Sunday, July 24, 2011

Conformed to the Image of Christ

In the second reading for today’s Liturgy of the Word (17th Sunday in Ordinary Time), St. Paul tells us that God has predestined us to be conformed to the image of His Son, and that the end result of His work in us is a sharing of His glory (Rom 8:28-30).

In order to be conformed to the image of Christ, we need to be filled with Christ. That is why God uses the Word and Sacraments as the primary means of transforming us. The Scriptures change us because Jesus Christ, the Word of God, is present in them and it is He who changes us. The same is true of the Sacraments. God changes the ordinary everyday things in our lives so that they might become the means by which He pours His grace into our lives. What makes the Sacraments effectual is not some magical power imbued in them; but it is the Word of God that makes them effectual. It is Christ who is present in the Sacraments who changes us by the Sacraments.
As Catholics we affirm that the greatest Sacrament – the Sacrament of Sacraments – is the Eucharist because it is the very Body and Blood, Soul and Divinity of our Lord Jesus Christ.  What starts out as simple bread and wine is transformed by the Word of God when the priest, acting in persona Christi, utters the words of Christ “This is my Body” and “This is my Blood”.

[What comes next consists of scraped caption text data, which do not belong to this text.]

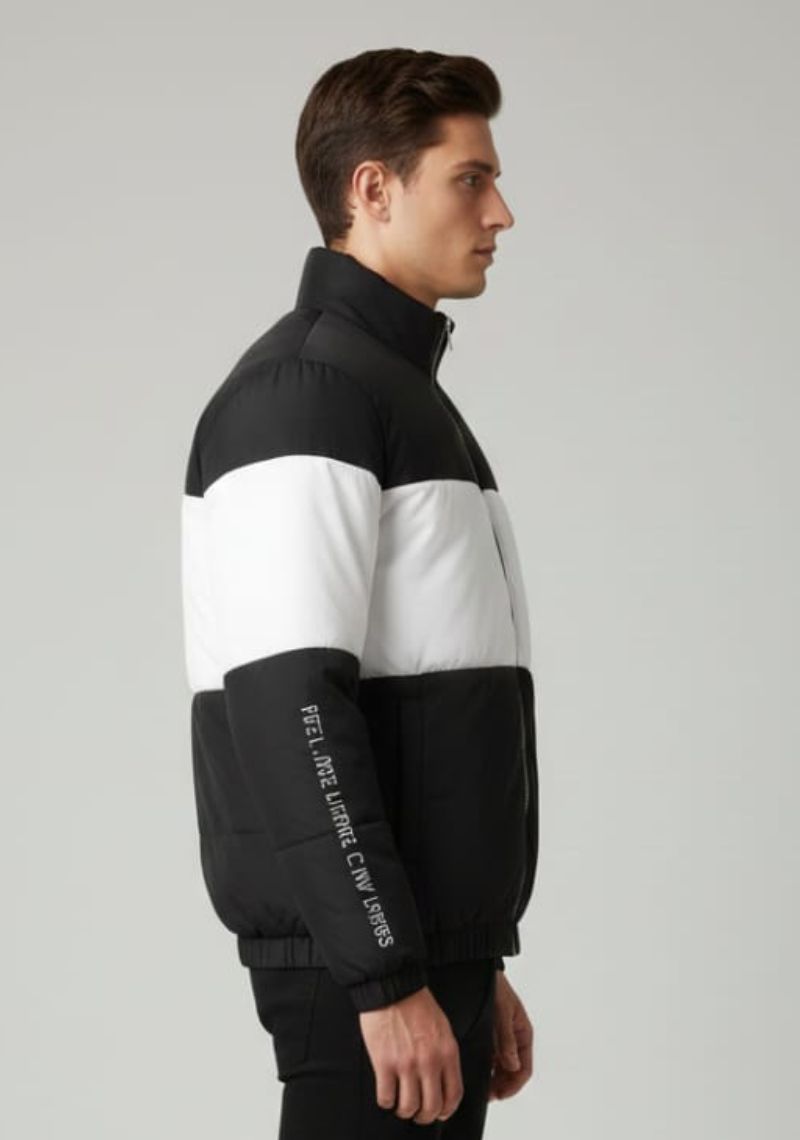 WINTER JACKET [MD] - BLACK AND WHITE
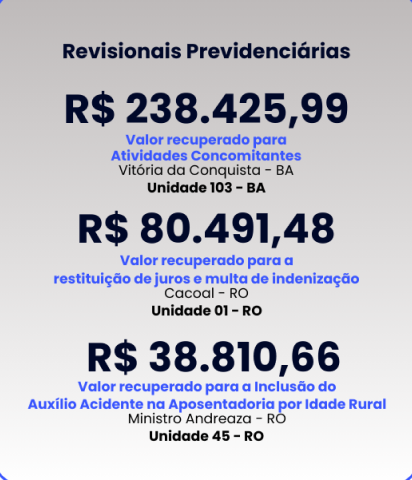 Revisionárias PF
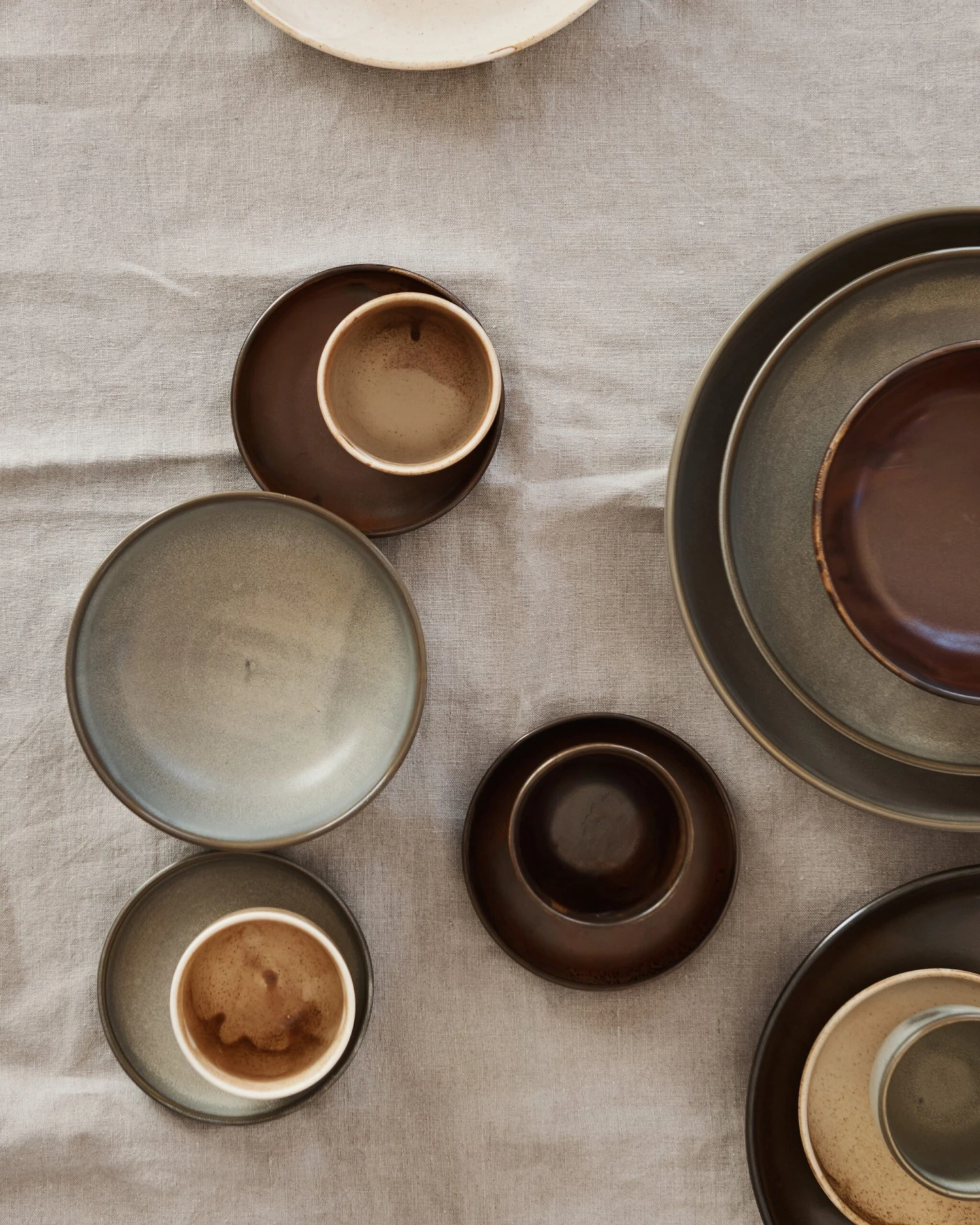 DUKA Toscana Schale 17,5 Cm, Braun 8 DUKA Toscana Schale 17,5 Cm, Braun – Bild 6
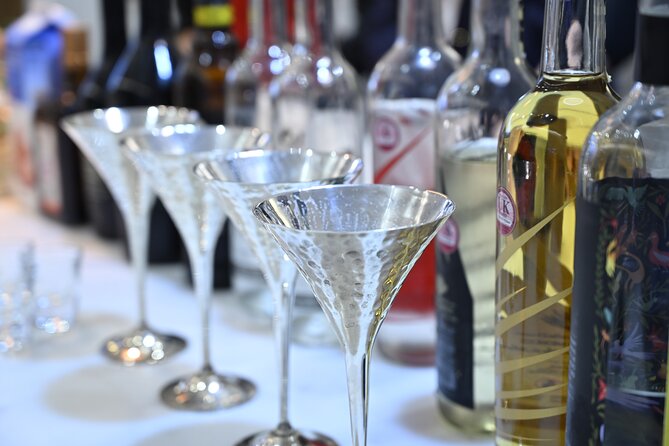 Tequila Tasting, with Chocolate & Cocktails Pairing Night - Making three cocktails during the evening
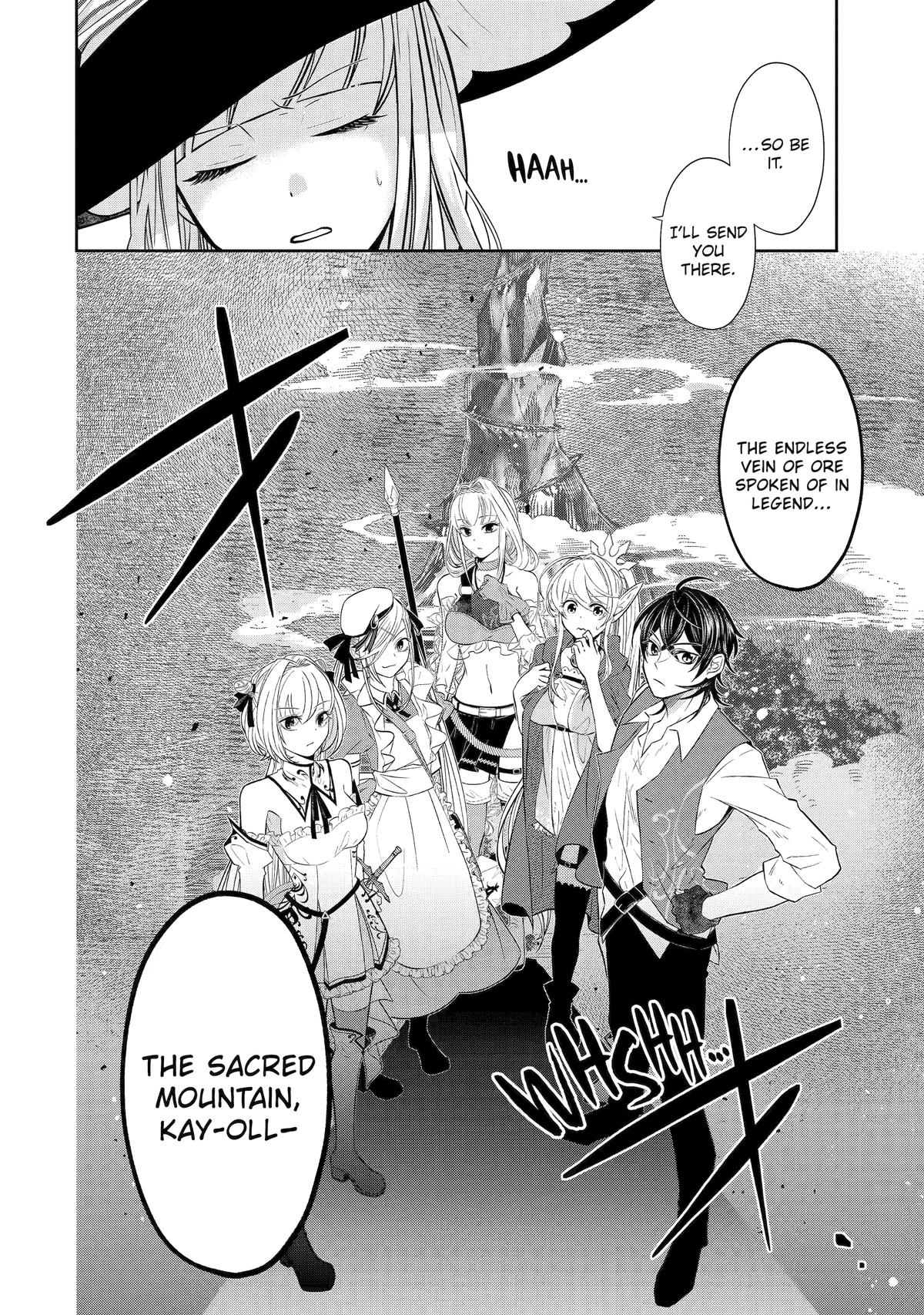 Level 0 no Maou-sama, Isekai de Boukensha wo Hajimemasu Chapter 19 - Page 44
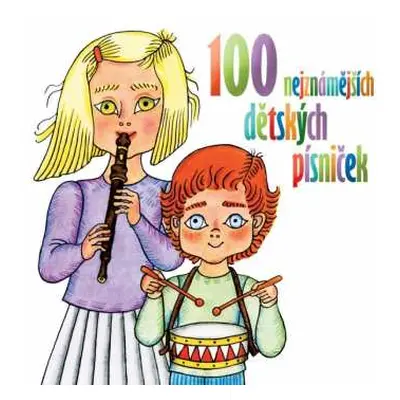 2CD Various: 100 Nejznámějších Dětských Písniček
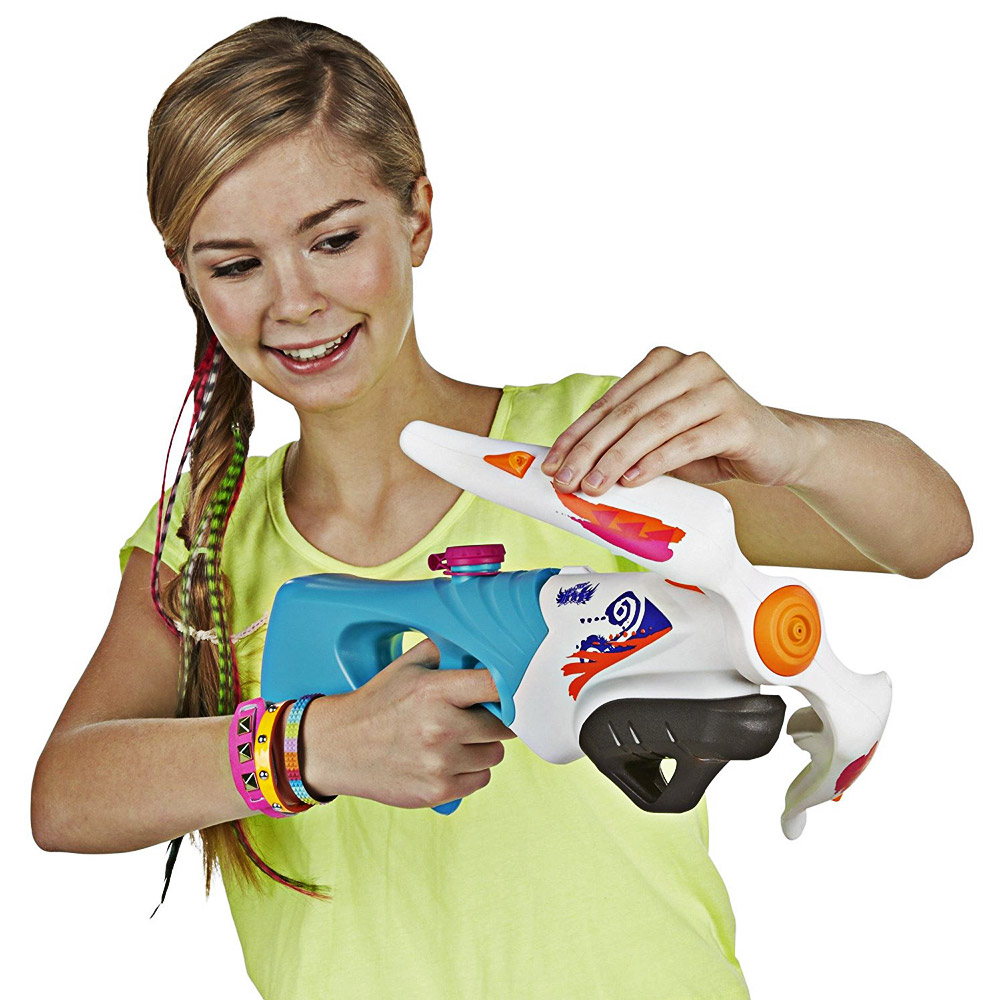 Nerf Rebelle Tri Threat Su Tabancası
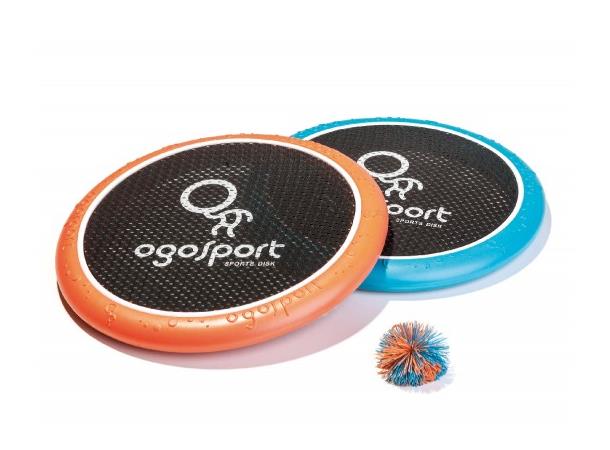 Ogo Sport sett 2 disker og 1 ball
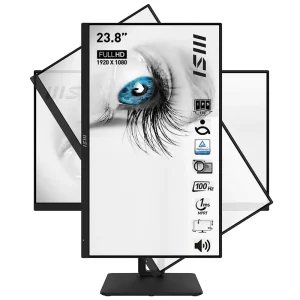 Msi Pro Mp242ap 23 8 Inc 100hz 1ms Full Hd Adaptive Sync Ips Monitor Yh1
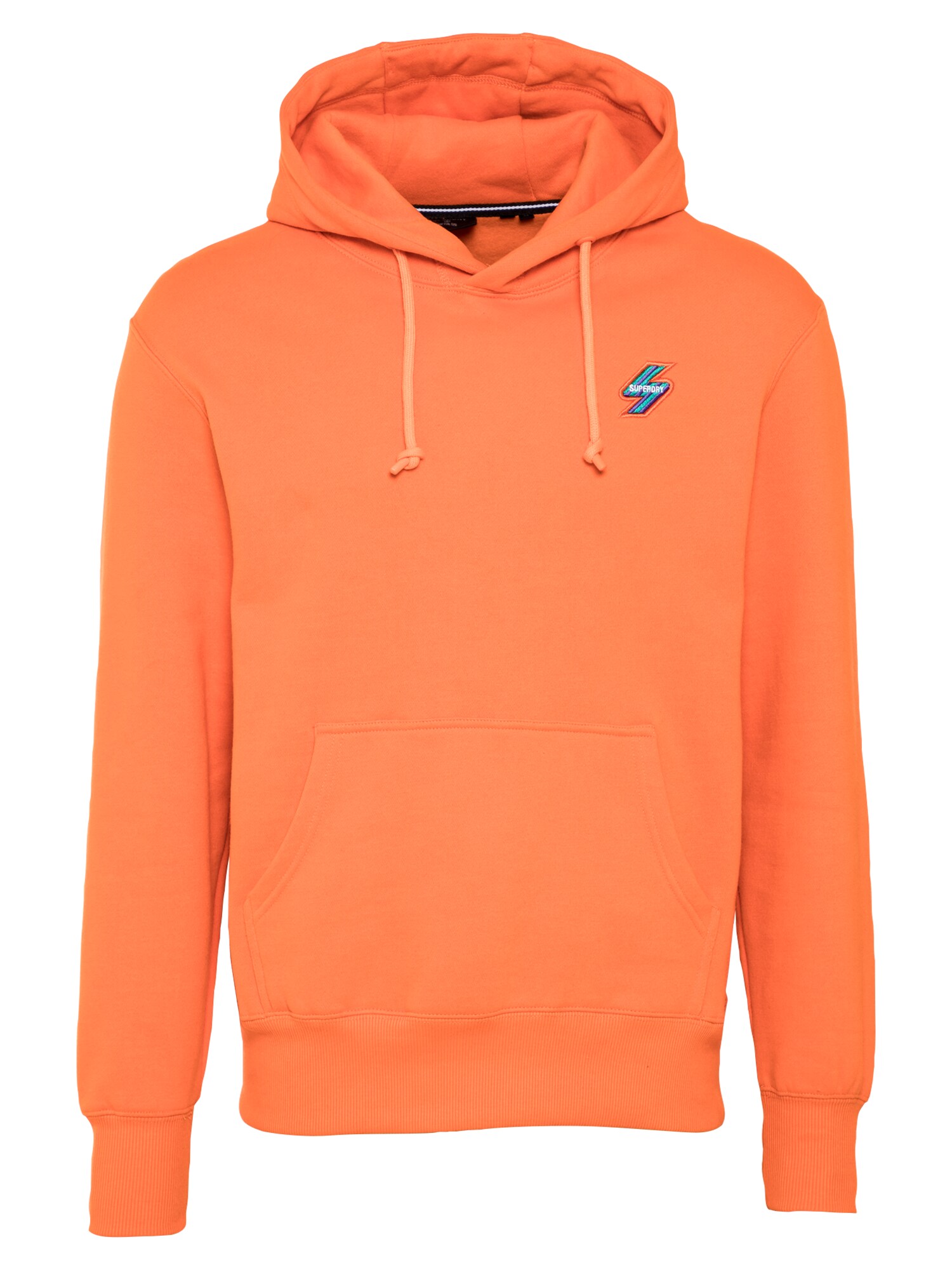 Superdry Megztinis be užsegimo  oranžinė
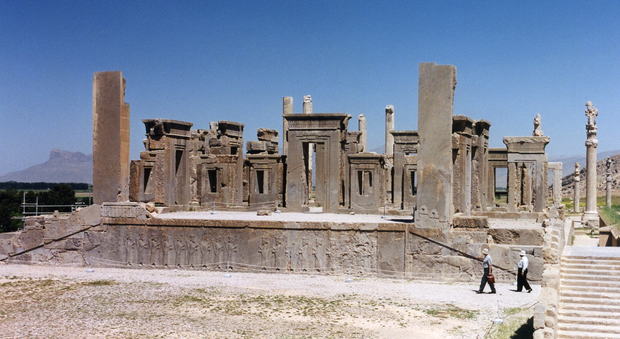 L'antica Persepoli rischia di sprofondare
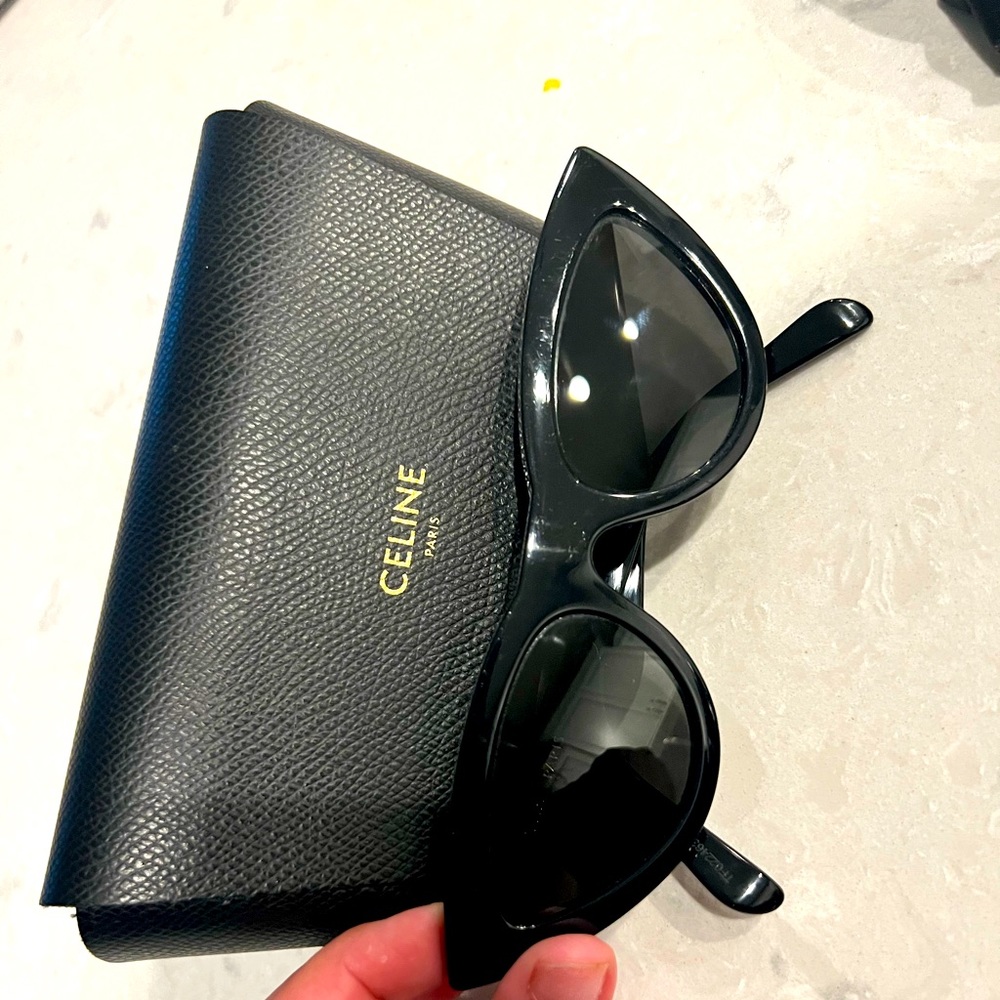 Authentic celine cat eye sunglasses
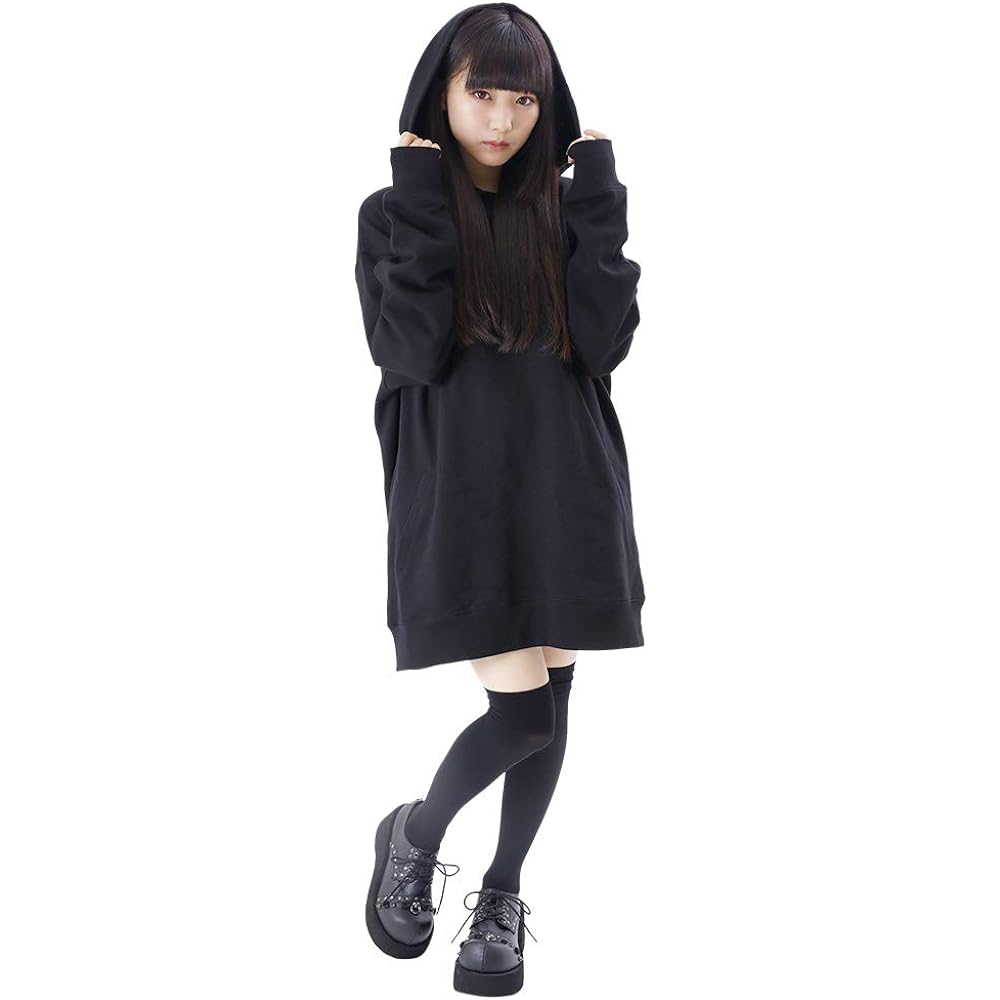 [Joynet] Kurumi Nanase Pullover Parka Dress Men's Women's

Herein is the wonder of the Eucharistic celebration – when we bring our offerings of bread of wine in thanksgiving to God, we are offering ourselves to Him; and as we offer ourselves, He receives and unites it to the offering of the Lord Jesus Christ on the Cross when our gifts are transformed into the Body and Blood of Christ. After this transformation, the Body and Blood is then given back to us to receive so that we can be changed by Christ as He fills us with Himself in the Sacrament.
St. Bonaventure reminds us of this when he says:

“With the external mouth we receive Him sacramentally, with the inward mouth we receive Him spiritually”.

In other words, although what we receive is physical, the change that takes place in us transcends the physical, and permeates to the spiritual. St. Jerome, referring to St. Elisabeth’s words “Blessed is the Fruit of thy womb”, says that this was the whole reason that God the Son had to take on a human form when he says that “the Flower of Mary became fruit that we might eat of it”.
There is an old saying: “You are what you eat”. So, when we worthily eat and drink of the Body and Blood of Christ in the Eucharist, it is not an empty ritual or symbolic exercise. When we share in the Eucharist, God is using the Blessed Sacrament to conform us to the image of Christ.

If we realise this, the only reasonable response is to fall on our knees in thanksgiving to God for the great and undeserved gift that He gives to us in the Blessed Sacrament. May God grant that we would grow in our realisation that what we receive in Holy Communion is nothing less than the God the Son, and that as we grow in this realisation may we more freely to deny ourselves, take up our cross, and follow Him in a deeper pursuit of His holiness.